(Brief descriptive captions)
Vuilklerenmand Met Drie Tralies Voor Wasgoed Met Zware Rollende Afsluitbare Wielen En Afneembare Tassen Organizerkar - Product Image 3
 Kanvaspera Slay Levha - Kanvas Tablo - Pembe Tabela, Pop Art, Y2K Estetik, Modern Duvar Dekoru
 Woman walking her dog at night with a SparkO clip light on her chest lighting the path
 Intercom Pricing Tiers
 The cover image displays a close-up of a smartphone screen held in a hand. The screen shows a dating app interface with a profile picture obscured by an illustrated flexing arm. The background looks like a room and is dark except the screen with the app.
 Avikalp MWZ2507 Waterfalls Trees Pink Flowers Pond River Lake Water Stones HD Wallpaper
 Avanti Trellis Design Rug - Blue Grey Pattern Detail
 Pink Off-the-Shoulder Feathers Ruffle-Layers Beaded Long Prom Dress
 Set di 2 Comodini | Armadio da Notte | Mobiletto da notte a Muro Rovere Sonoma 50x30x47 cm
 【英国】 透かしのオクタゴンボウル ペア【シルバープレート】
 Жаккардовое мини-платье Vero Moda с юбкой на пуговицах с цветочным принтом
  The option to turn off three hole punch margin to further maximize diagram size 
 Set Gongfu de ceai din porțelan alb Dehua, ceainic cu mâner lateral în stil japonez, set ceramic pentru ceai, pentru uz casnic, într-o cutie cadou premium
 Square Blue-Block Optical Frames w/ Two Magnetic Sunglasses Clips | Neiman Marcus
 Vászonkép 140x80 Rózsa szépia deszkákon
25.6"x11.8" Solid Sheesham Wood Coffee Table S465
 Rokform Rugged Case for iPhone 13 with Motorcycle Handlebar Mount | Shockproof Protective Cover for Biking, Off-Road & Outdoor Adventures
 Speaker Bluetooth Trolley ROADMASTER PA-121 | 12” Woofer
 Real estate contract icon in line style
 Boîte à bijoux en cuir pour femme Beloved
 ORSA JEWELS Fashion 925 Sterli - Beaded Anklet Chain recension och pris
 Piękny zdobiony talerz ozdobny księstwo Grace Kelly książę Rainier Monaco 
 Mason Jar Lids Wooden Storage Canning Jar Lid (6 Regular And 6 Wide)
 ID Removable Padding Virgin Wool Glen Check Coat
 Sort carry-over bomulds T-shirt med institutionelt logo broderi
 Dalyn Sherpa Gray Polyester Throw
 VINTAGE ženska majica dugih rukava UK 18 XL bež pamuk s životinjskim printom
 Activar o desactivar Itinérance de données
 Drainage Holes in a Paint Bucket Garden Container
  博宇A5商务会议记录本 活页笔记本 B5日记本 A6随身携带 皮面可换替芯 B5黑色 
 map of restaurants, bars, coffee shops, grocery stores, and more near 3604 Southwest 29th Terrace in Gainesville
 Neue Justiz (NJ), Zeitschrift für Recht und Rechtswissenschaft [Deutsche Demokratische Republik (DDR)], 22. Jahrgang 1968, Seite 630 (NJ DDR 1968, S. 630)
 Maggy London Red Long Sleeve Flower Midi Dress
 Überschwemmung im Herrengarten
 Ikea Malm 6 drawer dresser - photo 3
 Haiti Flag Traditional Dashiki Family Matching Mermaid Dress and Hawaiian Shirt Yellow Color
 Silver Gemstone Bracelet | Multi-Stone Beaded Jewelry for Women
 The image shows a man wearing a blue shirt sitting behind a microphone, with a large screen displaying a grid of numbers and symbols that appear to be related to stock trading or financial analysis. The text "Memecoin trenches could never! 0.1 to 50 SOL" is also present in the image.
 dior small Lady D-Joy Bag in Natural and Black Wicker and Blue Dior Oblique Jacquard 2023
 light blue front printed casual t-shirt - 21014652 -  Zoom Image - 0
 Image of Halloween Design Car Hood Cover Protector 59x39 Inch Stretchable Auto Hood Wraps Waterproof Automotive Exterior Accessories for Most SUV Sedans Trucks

◆ **About this task**
Once you reach the line with "Boîte à bijoux en cuir pour femme Beloved" in the data above, copy it and every line after it exactly, up to and including the line with "Sort carry-over bomulds".

◆ **Solution for this exercise**
 Boîte à bijoux en cuir pour femme Beloved
 ORSA JEWELS Fashion 925 Sterli - Beaded Anklet Chain recension och pris
 Piękny zdobiony talerz ozdobny księstwo Grace Kelly książę Rainier Monaco 
 Mason Jar Lids Wooden Storage Canning Jar Lid (6 Regular And 6 Wide)
 ID Removable Padding Virgin Wool Glen Check Coat
 Sort carry-over bomulds T-shirt med institutionelt logo broderi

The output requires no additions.